December 04, 2015
It has become a common practice for reporters to refer to former Secretary of State Hillary Clinton’s proposal to spend $275 billion on infrastructure. Is this a lot of money? My guess is that almost no one reading the number has a clue. Certainly Secretary Clinton wants people to think it is a major commitment.
While there is no obvious yes or no answer, it would help first of all if reporters started by giving a time frame. Spending $275 billion over one year is a much larger commitment than $275 billion over 10 years. The proposal would spend this money out over five years, making the annual amount $55 billion a year.
By comparison, the new highway bill calls for spending just over $60 billion annually on infrastructure over the next five years, so Clinton’s proposal would nearly double current spending. As a share of the total budget it is still not a huge deal. With government spending projected to average around $4.7 trillion over the first five years of a Clinton administration, the proposal would amount to a bit less than 1.2 percent of projected spending.
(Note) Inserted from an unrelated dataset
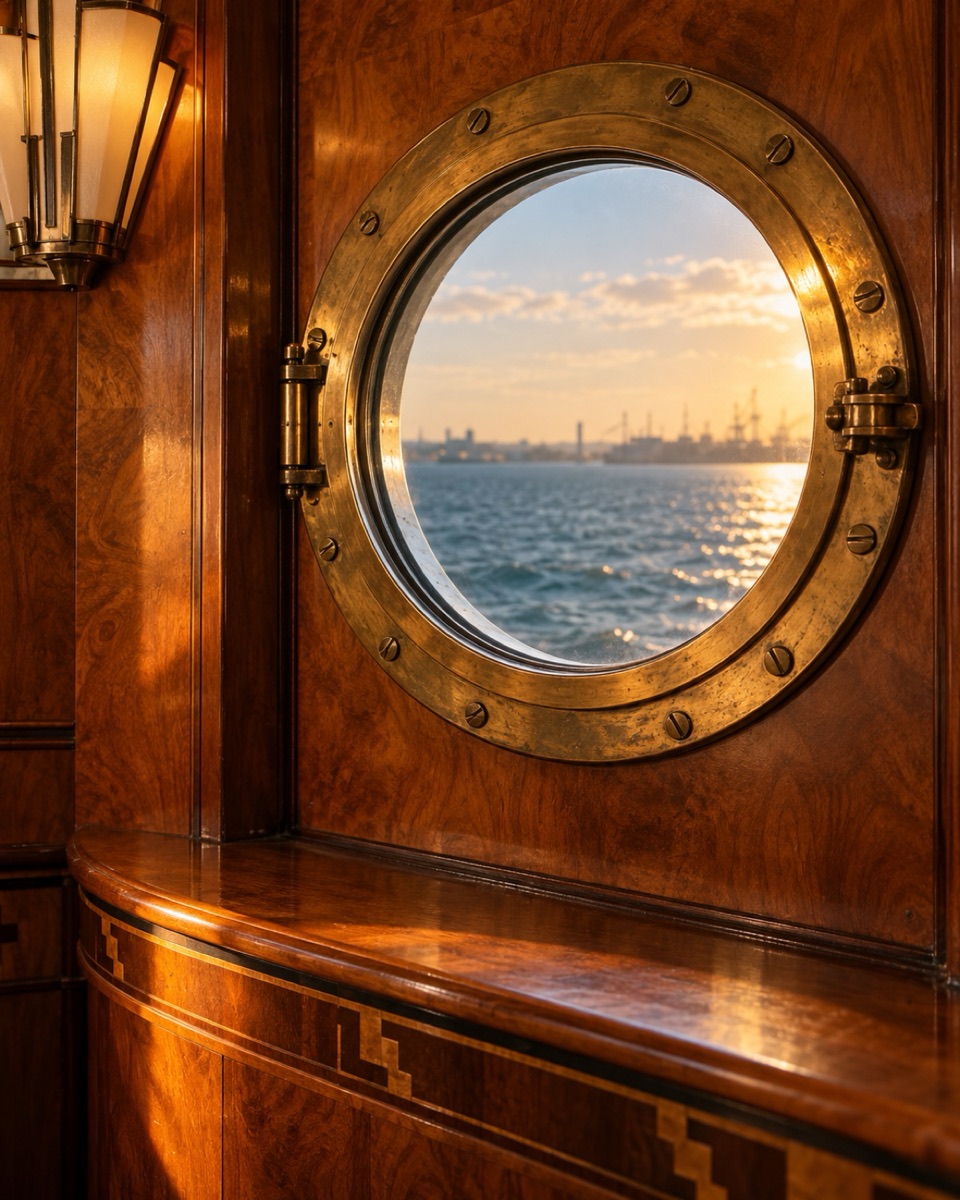 Brass porthole set in polished wood paneling overlooking sunlit harbor water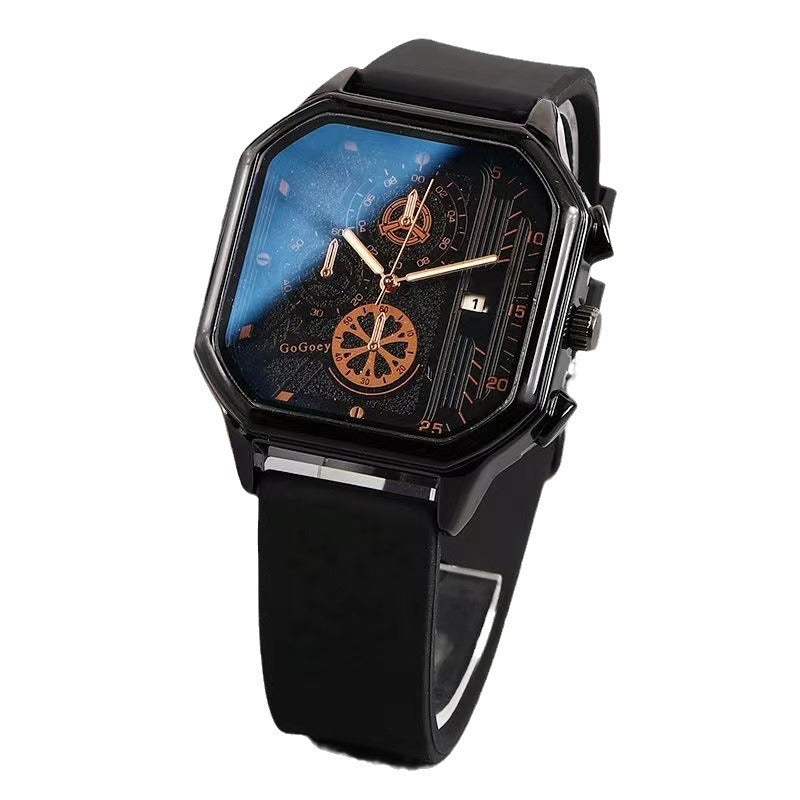 Versatile men's watch with a large dial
Measured as a share of projected GDP, it would be roughly 0.2 percent. And, it would come to roughly $170 a year per person in spending.
There are other ways to measure this sum, including looking at past levels of spending or relative to estimates of the need for new infrastructure. Reporters have much room to pick and choose on this one, but telling us that Clinton wants to spend $275 billion on infrastructure really is not providing information.